Her reverie broke by the arrival of Andrew and the doctor.
"Jacob, you foolish bull, what have you done now?" Martin muttered, his voice strained by years and pipe tobacco. He shook his white head as he knelt painfully on the cobblestones and peered at his patient through gold-rimmed spectacles. "He's in shock, it was good thinking covering him with your coat. That may very well have saved his life. He cannot afford to lose any more heat." Martin lifted the coat and brushed aside layers of fabric, his expression grim. "Especially if he's bleeding internally."
Evie felt her adrenaline spike again and she closed her eyes, desperately trying to focus even as her fingers whitened in their grip on Jacob's forearm. She was so distracted she narrowly avoided tripping on of the darts lining his gauntlet. Andrew had knelt across from her some time ago and had his smaller hand hovering over Jacob's shoulder, as though terrified to touch him. Guilt etched itself into the boy's young brow but Evie didn't have the strength to dispel it, not when she was using every ounce to keep her head and focus as she'd been trained.
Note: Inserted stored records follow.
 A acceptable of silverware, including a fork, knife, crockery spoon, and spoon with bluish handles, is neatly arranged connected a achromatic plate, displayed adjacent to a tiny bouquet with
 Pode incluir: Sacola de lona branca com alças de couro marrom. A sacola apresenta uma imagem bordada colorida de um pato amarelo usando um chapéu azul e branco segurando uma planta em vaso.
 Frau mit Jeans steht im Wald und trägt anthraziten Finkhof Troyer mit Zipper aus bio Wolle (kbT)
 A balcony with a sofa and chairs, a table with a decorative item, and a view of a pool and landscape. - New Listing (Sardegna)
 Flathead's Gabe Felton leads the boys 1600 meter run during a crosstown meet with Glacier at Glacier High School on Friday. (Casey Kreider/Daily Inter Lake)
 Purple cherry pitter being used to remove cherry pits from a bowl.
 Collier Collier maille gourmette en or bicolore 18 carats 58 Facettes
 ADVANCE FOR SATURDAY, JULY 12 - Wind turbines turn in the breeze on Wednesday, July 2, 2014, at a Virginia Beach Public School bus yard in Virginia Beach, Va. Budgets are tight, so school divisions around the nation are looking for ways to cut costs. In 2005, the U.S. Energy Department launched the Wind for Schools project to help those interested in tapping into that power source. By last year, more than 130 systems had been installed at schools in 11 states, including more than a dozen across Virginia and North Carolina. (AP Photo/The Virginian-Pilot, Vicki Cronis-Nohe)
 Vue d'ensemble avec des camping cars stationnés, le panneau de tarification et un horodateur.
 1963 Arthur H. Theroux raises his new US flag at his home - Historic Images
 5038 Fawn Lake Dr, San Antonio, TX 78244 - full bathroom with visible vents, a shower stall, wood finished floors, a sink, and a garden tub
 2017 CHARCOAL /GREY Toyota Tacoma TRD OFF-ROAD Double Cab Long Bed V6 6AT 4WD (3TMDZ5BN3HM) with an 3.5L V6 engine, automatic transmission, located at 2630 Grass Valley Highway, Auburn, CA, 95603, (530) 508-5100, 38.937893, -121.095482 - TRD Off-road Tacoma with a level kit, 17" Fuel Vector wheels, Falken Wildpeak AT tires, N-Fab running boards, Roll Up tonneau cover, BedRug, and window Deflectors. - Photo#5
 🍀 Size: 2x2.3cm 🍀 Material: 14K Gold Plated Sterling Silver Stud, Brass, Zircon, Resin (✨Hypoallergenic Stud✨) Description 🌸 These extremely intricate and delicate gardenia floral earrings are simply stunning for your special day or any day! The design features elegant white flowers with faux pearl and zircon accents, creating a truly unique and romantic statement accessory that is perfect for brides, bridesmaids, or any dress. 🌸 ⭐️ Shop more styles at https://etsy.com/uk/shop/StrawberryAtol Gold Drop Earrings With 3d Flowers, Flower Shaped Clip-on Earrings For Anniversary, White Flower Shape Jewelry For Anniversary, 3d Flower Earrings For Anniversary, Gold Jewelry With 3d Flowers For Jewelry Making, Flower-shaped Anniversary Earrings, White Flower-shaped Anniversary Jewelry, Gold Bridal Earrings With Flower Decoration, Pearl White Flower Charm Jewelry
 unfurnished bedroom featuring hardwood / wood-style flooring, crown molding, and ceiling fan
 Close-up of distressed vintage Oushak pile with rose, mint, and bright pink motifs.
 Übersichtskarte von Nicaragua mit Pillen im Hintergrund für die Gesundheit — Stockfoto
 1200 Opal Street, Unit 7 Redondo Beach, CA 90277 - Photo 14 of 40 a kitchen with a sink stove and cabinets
What will I do without him? She caught herself thinking, and she shook her head, trying to blur the dark thoughts. I don't want to finish father's work on my own. He meant it for both of us, we need both of us…I need both of us.
"Is it safe to move him to your home?" she asked, pulling away and doing a cursory sweep of the street with her glance. She was already figuring out the best route, calculating risk and chance and scrutinizing the whispering crowds for hidden Templars.
Martin sighed, and when she looked back he was rubbing his forehead wearily, one of his wrinkled hands resting on Andrew's back in a show of comfort. "It will have to be. Leaving him on these cobblestones will surely kill him."
"Fine then," Evie said curtly, spotting an old piece of canvas and striding for it. "We take him to your practice." She tugged it free and returned, laying it out so she and Martin could rig up a stretcher. The twitch of the coin was almost imperceptible.